The buzzy new film has an unseen force of its own, Russian filmmaker Timur Bekmambetov (“Wanted,” “Abraham Lincoln: Vampire Hunter”), who produced “Hardcore Henry” after watching Naishuller’s innovative “Bad Motherfucker.”

Here, Behmambetov shares his thoughts about the new film, as well as his own upcoming big-budget remake of “Ben-Hur” and additional split-screen projects that experiment with narrative moviemaking.

How did you stumble upon “Bad Motherfucker” and link up with Ilya?
I found it on Facebook somewhere and immediately called my [production company] Bazelevs colleagues in Moscow to ask them to find me the person behind it. He lives in Moscow and yet I’d never heard about him. Everything happened quickly. I called him and he told me his backstory and what he was doing as a musician. It was a very nice conversation. I asked him, “Do you want to see this on the big screen and make this as a movie using this language?” At first, he was not sure it was possible.
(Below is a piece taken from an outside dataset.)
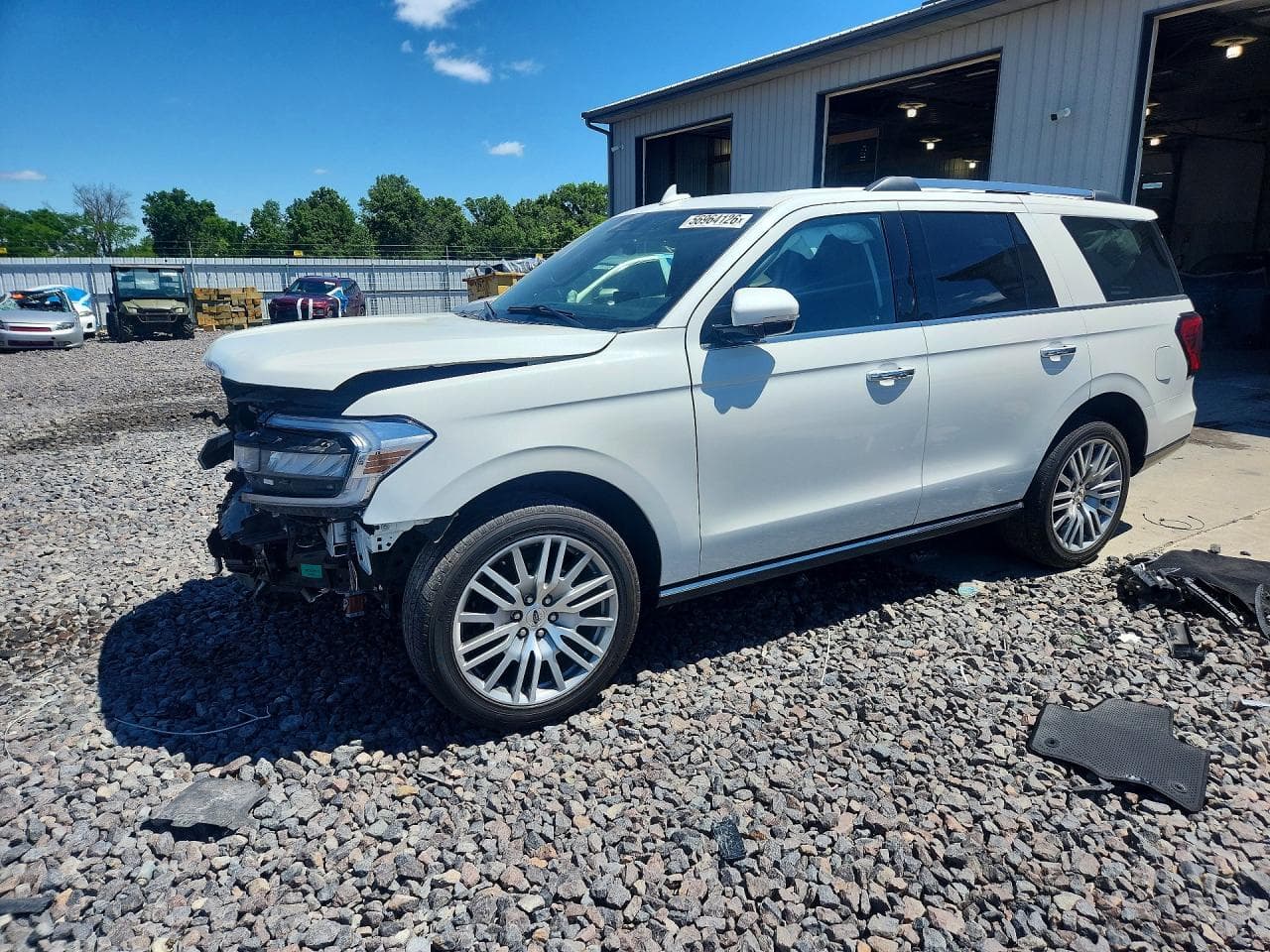 FORD EXPEDITION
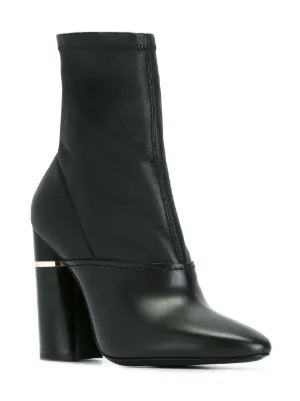 3.1 Phillip Lim（3.1 フィリップリム）ブーツ - FARFETCH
I promised him that I understood it’s an experiment, and if there wasn’t enough material, we would just fill it out to get to 90 minutes.

So it’s fair to say there were some initial concerns that the concept may not be able to sustain itself for a feature-length movie?
It was clear from the beginning that it wasn’t going to be an easy project. We’re developing a new language. It’s not just about how to shoot it technically, it’s about storytelling, music and casting. Every part of the film language should be reinvented for this format. From the beginning, there was an agreement between us that he should do what he feels, and if he makes mistakes, he will fix them. It was like R&D, and it took three years to be where we are now, but I think we both made the right decision.
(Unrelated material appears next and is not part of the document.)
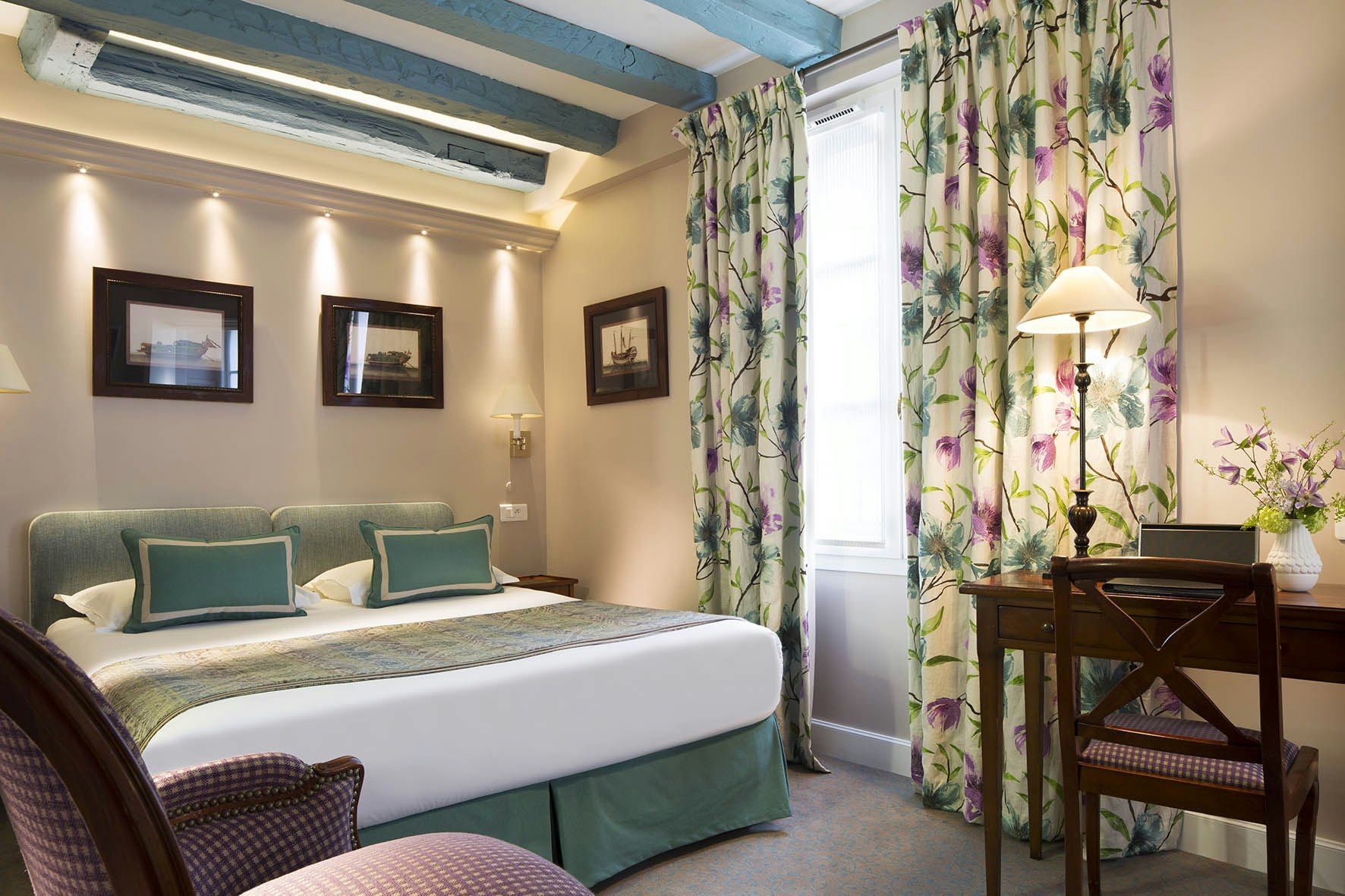 غرفة نوم صورة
What were some of those technical challenges?
There was no precedent for how to do a whole movie without the main character on the screen. The cameraman and the actor is the same person, and then the question is, how much do you act and how much do you focus on capturing the world around you? There are a lot of questions about sound and editing, like, how much we can cut? Because on one hand, it’s logical that every shot would not have any cuts, but then how do you make it dynamic and cut, but still create the feeling that it’s not cutting?

Do you have a favorite stunt or kill scene in the movie?
Yes, I like the head explosion, which we shot on the most famous street in Moscow. And I really like the scene on the bridge, which we did with no CG and no wires. It was just a Russian guy running on the top of the bridge.

I saw the film when it played Toronto as “Hardcore.” What’s your take on the new title?
“Hardcore Henry” sounds more specific and more personal. Since we don’t have a protagonist on the screen, the title helps the audience connect to him and makes it more personal.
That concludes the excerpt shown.